**Data for the task**:
= Beginning of Section =

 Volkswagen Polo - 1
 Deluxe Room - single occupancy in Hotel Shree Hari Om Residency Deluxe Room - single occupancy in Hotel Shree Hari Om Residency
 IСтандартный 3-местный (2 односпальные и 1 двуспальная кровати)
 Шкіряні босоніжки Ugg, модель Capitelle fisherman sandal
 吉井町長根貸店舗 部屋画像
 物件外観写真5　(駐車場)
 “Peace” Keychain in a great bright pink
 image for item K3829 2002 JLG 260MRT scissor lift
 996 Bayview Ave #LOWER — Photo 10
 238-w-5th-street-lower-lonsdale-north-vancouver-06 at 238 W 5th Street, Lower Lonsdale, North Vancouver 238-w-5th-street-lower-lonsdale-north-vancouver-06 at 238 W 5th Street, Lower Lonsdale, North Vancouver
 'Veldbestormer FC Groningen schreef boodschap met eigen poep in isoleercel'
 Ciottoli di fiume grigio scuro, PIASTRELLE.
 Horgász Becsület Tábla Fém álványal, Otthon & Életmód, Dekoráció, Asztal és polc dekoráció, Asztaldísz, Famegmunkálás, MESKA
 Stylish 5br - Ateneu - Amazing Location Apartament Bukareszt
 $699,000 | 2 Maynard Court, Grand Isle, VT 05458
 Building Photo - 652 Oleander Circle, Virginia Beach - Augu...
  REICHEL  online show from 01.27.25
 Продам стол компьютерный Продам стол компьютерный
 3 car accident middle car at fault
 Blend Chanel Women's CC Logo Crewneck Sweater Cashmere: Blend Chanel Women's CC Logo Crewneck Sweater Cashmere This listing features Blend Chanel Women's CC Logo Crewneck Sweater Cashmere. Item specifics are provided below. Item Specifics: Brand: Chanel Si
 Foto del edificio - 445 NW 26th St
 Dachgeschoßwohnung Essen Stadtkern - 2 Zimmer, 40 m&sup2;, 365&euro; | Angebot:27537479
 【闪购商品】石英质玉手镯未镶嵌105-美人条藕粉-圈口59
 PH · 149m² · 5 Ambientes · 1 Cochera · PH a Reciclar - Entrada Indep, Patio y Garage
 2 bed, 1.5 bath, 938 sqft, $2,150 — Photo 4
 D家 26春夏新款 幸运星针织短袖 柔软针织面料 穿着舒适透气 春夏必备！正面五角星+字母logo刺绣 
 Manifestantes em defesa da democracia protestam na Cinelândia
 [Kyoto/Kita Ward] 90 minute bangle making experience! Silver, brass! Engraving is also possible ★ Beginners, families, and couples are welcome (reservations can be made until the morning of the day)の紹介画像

= End of Section =

**What you will do**:
In the listing above, find the line containing "Om Residency Deluxe" and the line containing "吉井町長根貸店舗 部屋画像", then repeat those two lines and everything between them exactly.

**Solution**:
 Deluxe Room - single occupancy in Hotel Shree Hari Om Residency Deluxe Room - single occupancy in Hotel Shree Hari Om Residency
 IСтандартный 3-местный (2 односпальные и 1 двуспальная кровати)
 Шкіряні босоніжки Ugg, модель Capitelle fisherman sandal
 吉井町長根貸店舗 部屋画像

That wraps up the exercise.